Sid Lowe in Madrid 

Ancelotti nervous as Real Madrid and Manchester City cross swords again

Carlo Ancelotti confessed he still gets nervous before big games as he prepared his Real Madrid side to host Manchester City in the Champions League quarter-final first leg
  
  

Carlo Ancelotti looks on as Pep Guardiola and Erling Haaland embrace after Manchester City’s win over Real Madrid last season.
Carlo Ancelotti looks on as Pep Guardiola and Erling Haaland embrace after Manchester City’s win over Real Madrid last season. Photograph: Oli Scarff/AFP/Getty Images

This is Carlo Ancelotti’s 200th Champions League match as a coach, his 1,331st game over a wildly successful career stretching back 30 years at the most high-pressure clubs on earth, and still he is nervous. He has seen it all and has won this competition as a coach four times, more than anyone else ever, including the manager he faces on Tuesday night, but he still can’t help it. Before games, he admits, there’s a moment when the heart rate increases and the sweats start; after them, the best he can hope for is relief.

“Defeat is suffering. Victory is … happiness?” Ancelotti said, as Real Madrid, who consider this trophy their own, prepared to meet Manchester City, who hold it. “No. Unfortunately, that’s not true. It’s a relief. There’s happiness if you win a title, but in individual games [only] relief: for a few days, you’re calmer. But then suffering is part of your work, it’s what keeps you alive: the pressure, the stress.”

It is about how you embrace that, live with it, and Madrid’s manager believes what was missing when his side collapsed to a 4-0 defeat at the Etihad last season was character. “We played without courage, without personality,” Ancelotti said.

City, the favourites for the Champions League, and Madrid meet for the fourth time in the last five seasons. In 2020, City knocked Madrid out in the last 16. In 2022, Madrid produced that comeback, another miracle for the ages. Last year, there was something of a mission about Manchester City as they took Madrid apart. For the first 15 minutes, Ancelotti’s team averaged less than a pass a minute. Vinícius Júnior left Manchester declaring: “This can’t happen next year.”

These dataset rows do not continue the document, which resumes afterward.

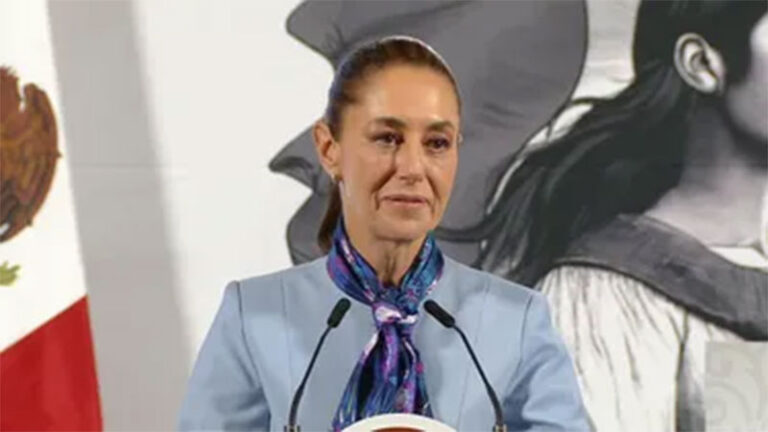“Se va a seguir el diálogo y vamos a esperar”: Sheinbaum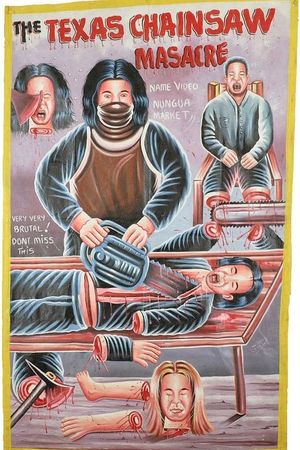 The Texas Chain Saw Massacre's poster
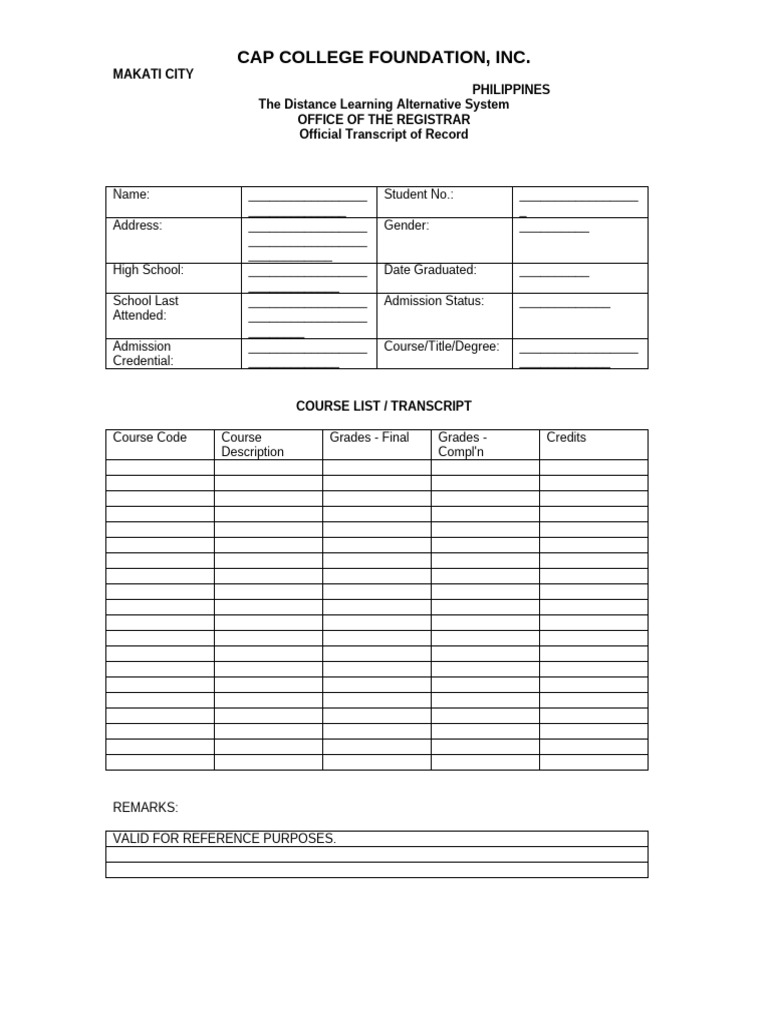 Tor Template | PDF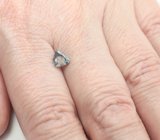 Без облагораживания! Полихромный сапфир со сменой цвета 0,74 карата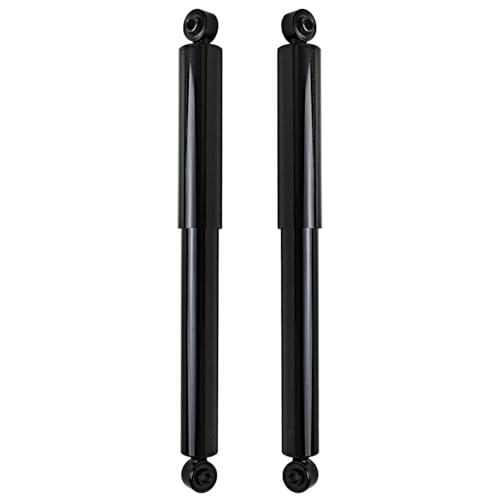 Detroit Axle - 6pc Struts Kit for 2014-2018 Chevrolet Silverado 1500 GMC Sierra 1500, 2 Front Struts w/Coil Spring Assembly 2 Front Sway Bar Ends 2 Rear Shock Absorbers 2015 2016 2017 Replacement - size: 6AQS47492-V1/ strut shock sway kit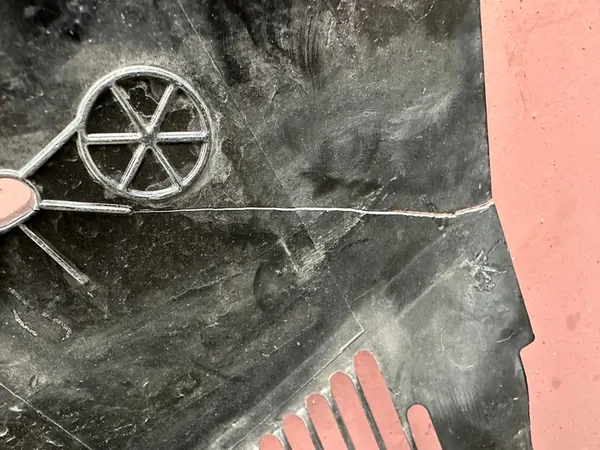 Volkswagen VW T5 Lift Grille 7E5853651D image 3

It shouldn’t. Then, with Barcelona walking the league, Ancelotti’s future at the Bernabéu was not secure, but a year on he continues. Madrid are stronger now, the league title close to being reclaimed, and lessons have been learned.

“Courage and personality are fundamental in this kind of game,” Ancelotti said. “The mental element is important: we need personality. But it was not just mentality, character; it was also technical, football. They pressed us high and we did not find solutions, we didn’t manage that. We want to avoid that in this tie.

“We have had time to prepare this. We have prepared well and I trust we will bring out the best in us in every sense: mentally, physically, technically. We have the quality to compete.”

The coach said he wouldn’t do “anything strange”, telling journalists not to worry: “You’re not going to get the starting XI wrong.” He then paused, laughed and added: “Well, there could be …” before concluding: “You might get one name wrong, but no more: the team is pretty clear.”

The one doubt may be over central defence, with Aurélien Tchouaméni likely to start ahead of Nacho Fernández, and Eduardo Camavinga taking his place in midfield. The other central defender will be Toni Rüdiger, who played in the first leg last year, the game finishing 1-1, but not in the second when Madrid were overrun, and has been undisputed this season.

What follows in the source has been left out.